Olvi plc           Stock exchange release 26 March 2024 at 2.30 p.m.
 

RESOLUTIONS OF OLVI PLC’S ANNUAL GENERAL MEETING AND CONSTITUTIVE MEETING OF THE BOARD OF DIRECTORS

Olvi plc’s Annual General Meeting of 26 March 2024 adopted the financial statements and discharged the members of the Board of Directors and Chief Executive Officer from liability for the accounting period that ended on 31 December 2023. The Annual General Meeting adopted the remuneration report 2023 and supported the new remuneration policy 2024-2027 through an advisory resolution.

PAYMENT OF DIVIDENDS

In accordance with the proposal of the Board of Directors, the General Meeting decided that a dividend of 1.20 euro be paid on each A and K share for the accounting period 2023.

The dividend shall be paid in two instalments. The first instalment of 0.60 euro per share shall be paid on 18 April 2024 to shareholders registered in the register of shareholders held by Euroclear Finland Ltd on the record date 28 March 2024. The second instalment of 0.60 euro per share shall be paid on 3 September 2024 to shareholders registered in the register of shareholders held by Euroclear Finland Ltd on the record date 27 August 2024. No dividend shall be paid on the treasury shares held by the company. The Annual General Meeting authorized the Board of Directors to decide on a new record date and payout date for the second instalment of dividends should the rules and regulations of the Finnish book-entry system be amended or otherwise necessitate such a change.

BOARD COMPOSITION AND REMUNERATION

The Annual General Meeting decided that the Board of Directors shall have six (6) members. The following members were re-elected to the Board of Directors: Lasse Heinonen, Nora Hortling, Juho Nummela, Päivi Paltola and Christian Ståhlberg. Tarmo Noop was elected as new member.
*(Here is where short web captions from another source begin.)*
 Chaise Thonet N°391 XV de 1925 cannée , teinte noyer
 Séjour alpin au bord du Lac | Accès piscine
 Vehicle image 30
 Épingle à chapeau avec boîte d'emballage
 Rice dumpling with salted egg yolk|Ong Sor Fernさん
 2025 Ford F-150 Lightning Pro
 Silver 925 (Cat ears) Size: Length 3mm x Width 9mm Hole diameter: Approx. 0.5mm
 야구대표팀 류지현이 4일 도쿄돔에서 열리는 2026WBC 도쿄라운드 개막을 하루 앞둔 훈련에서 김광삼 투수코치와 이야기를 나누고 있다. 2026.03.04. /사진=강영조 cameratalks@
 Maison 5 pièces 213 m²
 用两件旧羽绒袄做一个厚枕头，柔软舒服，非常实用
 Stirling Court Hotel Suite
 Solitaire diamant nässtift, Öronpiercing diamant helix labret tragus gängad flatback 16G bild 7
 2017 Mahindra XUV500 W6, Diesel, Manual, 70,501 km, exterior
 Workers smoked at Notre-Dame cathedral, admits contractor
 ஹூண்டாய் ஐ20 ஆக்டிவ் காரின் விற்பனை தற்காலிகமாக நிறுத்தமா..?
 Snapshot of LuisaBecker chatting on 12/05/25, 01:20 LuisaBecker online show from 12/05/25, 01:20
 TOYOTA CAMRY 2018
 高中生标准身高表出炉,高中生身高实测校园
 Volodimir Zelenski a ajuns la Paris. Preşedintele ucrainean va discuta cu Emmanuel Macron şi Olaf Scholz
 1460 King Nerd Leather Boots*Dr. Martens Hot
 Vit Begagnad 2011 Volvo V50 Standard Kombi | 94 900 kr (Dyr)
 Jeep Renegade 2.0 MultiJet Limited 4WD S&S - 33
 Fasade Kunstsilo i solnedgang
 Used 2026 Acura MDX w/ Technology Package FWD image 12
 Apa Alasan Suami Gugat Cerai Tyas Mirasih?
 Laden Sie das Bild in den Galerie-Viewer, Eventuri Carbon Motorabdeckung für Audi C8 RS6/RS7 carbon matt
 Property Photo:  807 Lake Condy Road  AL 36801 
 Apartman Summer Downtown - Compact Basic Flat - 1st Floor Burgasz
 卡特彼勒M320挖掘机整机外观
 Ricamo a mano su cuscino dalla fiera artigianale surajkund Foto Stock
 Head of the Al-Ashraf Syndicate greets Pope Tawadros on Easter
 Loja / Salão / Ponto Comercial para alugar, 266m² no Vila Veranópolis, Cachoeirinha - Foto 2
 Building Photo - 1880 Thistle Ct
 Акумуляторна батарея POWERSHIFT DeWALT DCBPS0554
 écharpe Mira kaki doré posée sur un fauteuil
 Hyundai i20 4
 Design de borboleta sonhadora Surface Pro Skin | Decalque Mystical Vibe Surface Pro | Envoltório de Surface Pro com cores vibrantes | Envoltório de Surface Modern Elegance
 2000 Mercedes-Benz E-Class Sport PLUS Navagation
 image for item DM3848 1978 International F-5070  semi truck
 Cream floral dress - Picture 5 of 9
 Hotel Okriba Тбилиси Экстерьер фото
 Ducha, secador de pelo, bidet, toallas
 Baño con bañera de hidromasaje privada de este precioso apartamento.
It was decided that the remuneration of the Board of Directors shall be kept unchanged as follows: the Chair of the Board 6,500 euro per month, the Vice Chair 3,750 euro per month and the other members 3,000 euro per month. Furthermore, the Annual General Meeting decided that the Chair of the Board of Directors shall receive an attendance allowance of 950 euro per meeting, and other members shall receive 650 euro per meeting. An attendance allowance of 650 euro per meeting shall be paid for per each committee meeting and travel costs shall be compensated in accordance with the company’s travel policy.

AUDITOR AND VERIFICATION OF THE SUSTAINABILITY REPORT

KPMG Oy Ab, an Authorised Public Accounting Firm, was elected as the company's auditor, with Heidi Hyry, APA, serving as the auditor in charge.

KPMG Oy Ab was also elected to verify the company's sustainability report. KPMG Oy Ab has announced that Heidi Hyry, APA and Sustainability Reporting Auditor (SRA), will act as the lead sustainability reporting verifier.

The auditor's and sustainability reporting verifier's fee and expenses shall be paid in accordance with a conventional invoice approved by the company.

AUTHORISING THE BOARD OF DIRECTORS TO DECIDE ON THE ACQUISITION OF TREASURY SHARES

The Annual General Meeting decided to authorise the Board of Directors to decide on the acquisition of treasury shares.

Based on the authorisation, the Board of Directors is entitled to acquire a maximum of 500,000 Series A shares of the company in one or more lots using the company’s unrestricted equity.

The shares shall be acquired in public trading arranged by NASDAQ Helsinki Ltd, due to which the acquisition shall constitute a deviation from the pro rata principle among shareholders, and the compensation payable for the shares shall be the market price of the Olvi A share at the time of acquisition.

The shares shall be acquired for the purpose of financing or executing any upcoming corporate acquisitions or other arrangements, implementing the company’s incentive plans or for other purposes decided upon by the Board of Directors. The maximum number of shares to be acquired represents approximately 2.4 percent of all shares in the company and approximately 0.6 percent of all votes, which means that the acquisition shall not have any significant effect on the distribution of shareholdings and voting rights in the company.

The Board of Directors shall decide upon other matters related to the acquisition of treasury shares.

The authorisation to acquire treasury shares shall be valid until the closing of the Annual General Meeting 2025, however no longer than 18 months from the Annual General Meeting’s authorisation decision.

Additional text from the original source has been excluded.